INPUT FOR THIS TASK ::
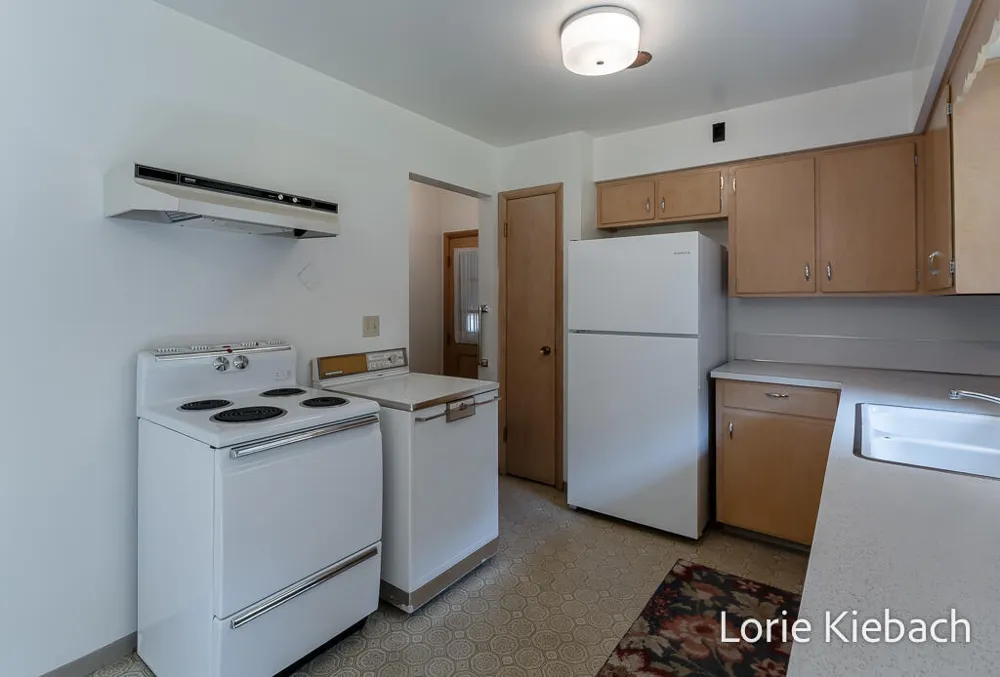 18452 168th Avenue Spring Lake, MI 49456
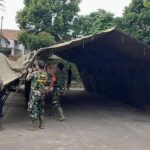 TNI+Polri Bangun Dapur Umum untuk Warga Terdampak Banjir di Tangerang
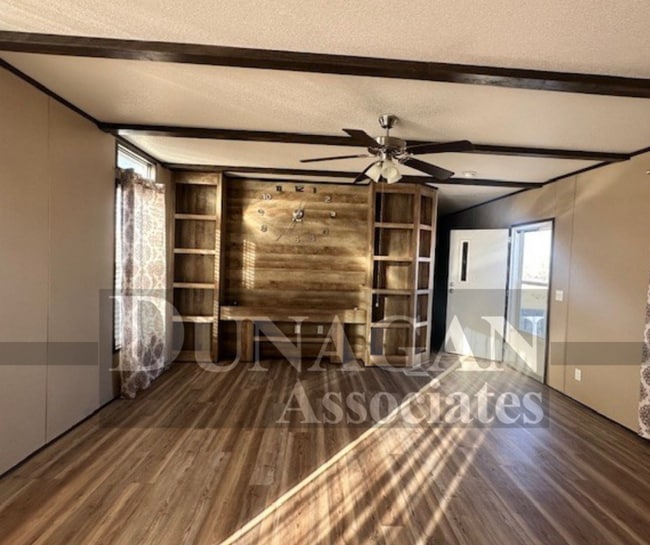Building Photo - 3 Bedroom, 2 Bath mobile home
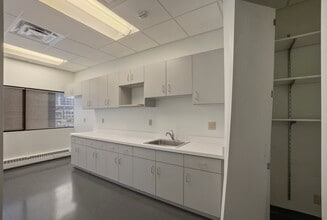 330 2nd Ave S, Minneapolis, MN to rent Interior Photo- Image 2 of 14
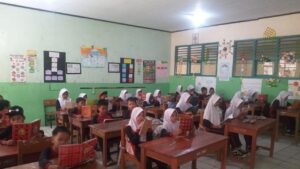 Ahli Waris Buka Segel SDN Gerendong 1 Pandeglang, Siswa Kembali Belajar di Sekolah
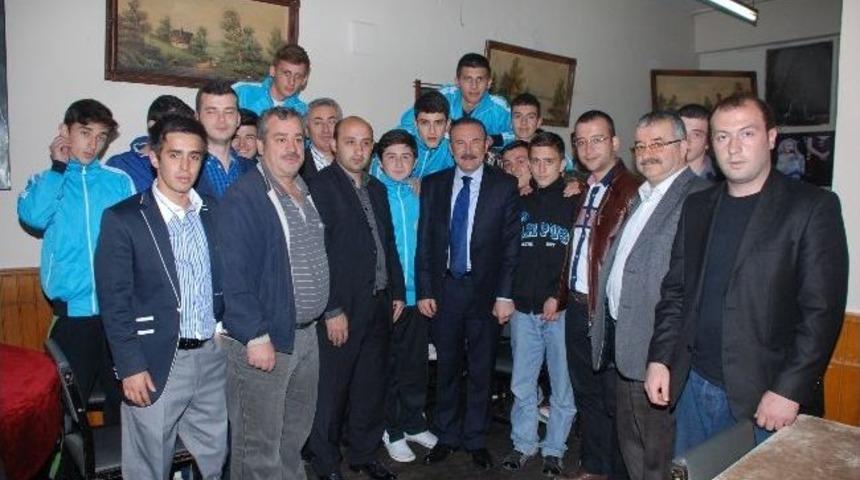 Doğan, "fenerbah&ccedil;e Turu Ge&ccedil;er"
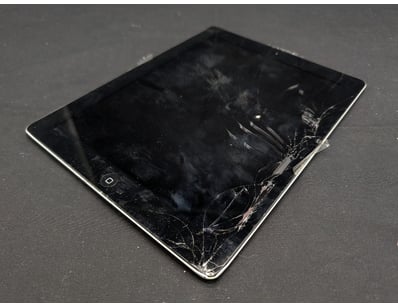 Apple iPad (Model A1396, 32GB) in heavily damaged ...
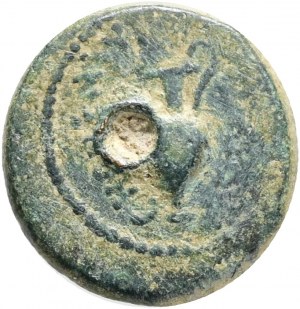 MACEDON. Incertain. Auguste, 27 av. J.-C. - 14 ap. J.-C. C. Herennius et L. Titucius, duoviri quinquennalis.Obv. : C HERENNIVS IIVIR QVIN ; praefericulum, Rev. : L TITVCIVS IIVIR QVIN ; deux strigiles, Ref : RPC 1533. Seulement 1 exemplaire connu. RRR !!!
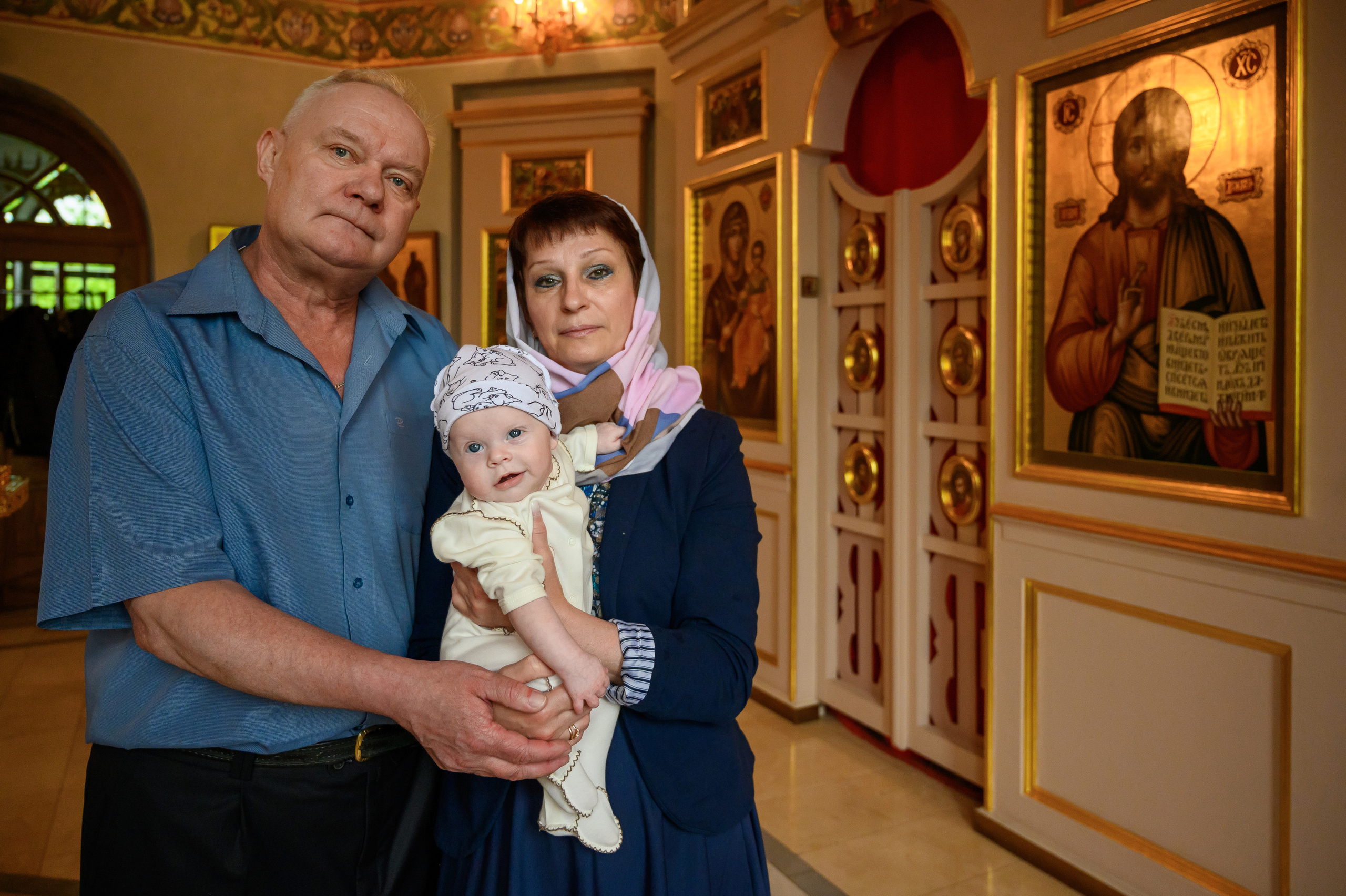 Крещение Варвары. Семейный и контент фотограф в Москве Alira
...
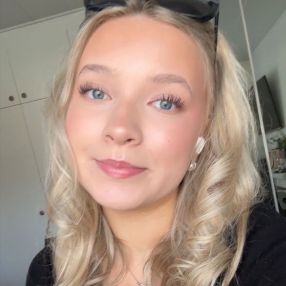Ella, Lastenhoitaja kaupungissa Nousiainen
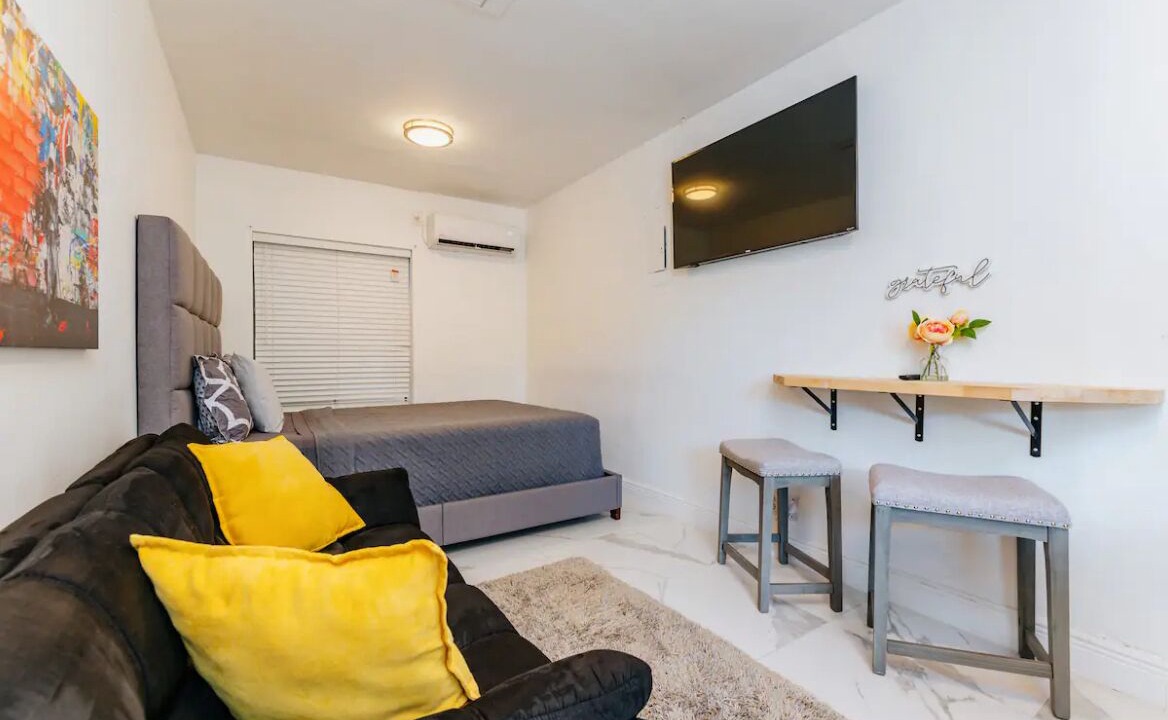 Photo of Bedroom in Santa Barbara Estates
--
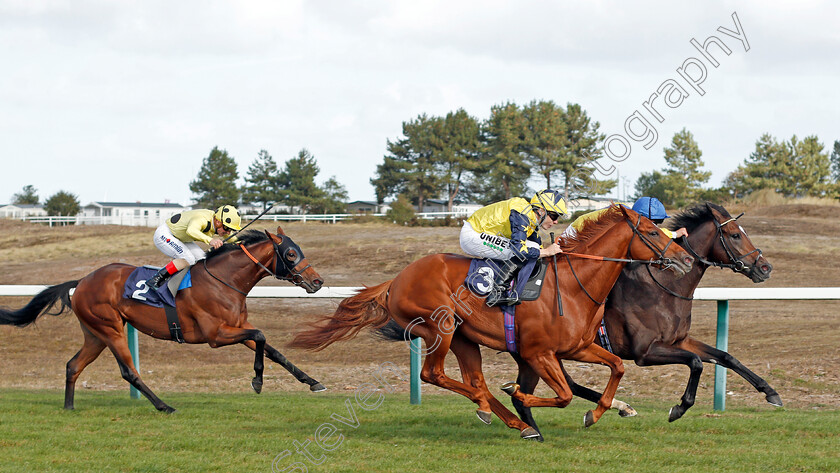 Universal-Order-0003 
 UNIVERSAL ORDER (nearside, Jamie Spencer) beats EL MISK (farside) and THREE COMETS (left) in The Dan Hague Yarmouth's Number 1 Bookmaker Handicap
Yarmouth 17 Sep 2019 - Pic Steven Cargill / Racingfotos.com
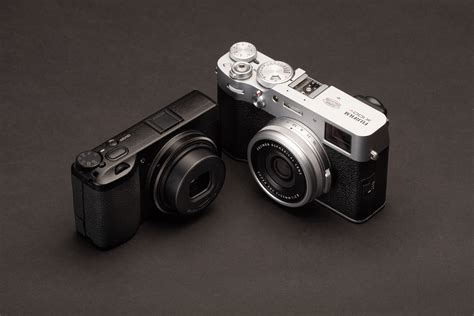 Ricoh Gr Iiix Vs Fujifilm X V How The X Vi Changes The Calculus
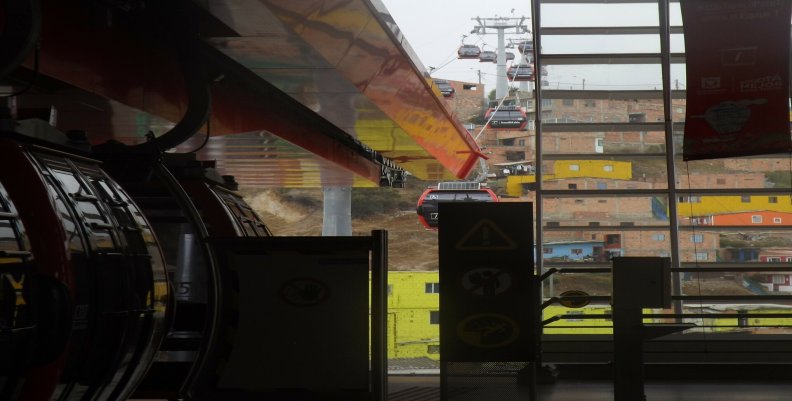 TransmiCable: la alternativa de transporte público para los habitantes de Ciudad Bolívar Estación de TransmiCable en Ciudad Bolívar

ASSIGNMENT :: Your answer should be the lines above, word for word, from the line with "330 2nd Ave" through the line with "Крещение Варвары. Семейный", minus the pictures.

FINISHED TASK ::
 330 2nd Ave S, Minneapolis, MN to rent Interior Photo- Image 2 of 14
 Ahli Waris Buka Segel SDN Gerendong 1 Pandeglang, Siswa Kembali Belajar di Sekolah
 Doğan, "fenerbah&ccedil;e Turu Ge&ccedil;er"
 Apple iPad (Model A1396, 32GB) in heavily damaged ...
 MACEDON. Incertain. Auguste, 27 av. J.-C. - 14 ap. J.-C. C. Herennius et L. Titucius, duoviri quinquennalis.Obv. : C HERENNIVS IIVIR QVIN ; praefericulum, Rev. : L TITVCIVS IIVIR QVIN ; deux strigiles, Ref : RPC 1533. Seulement 1 exemplaire connu. RRR !!!
 Крещение Варвары. Семейный и контент фотограф в Москве Alira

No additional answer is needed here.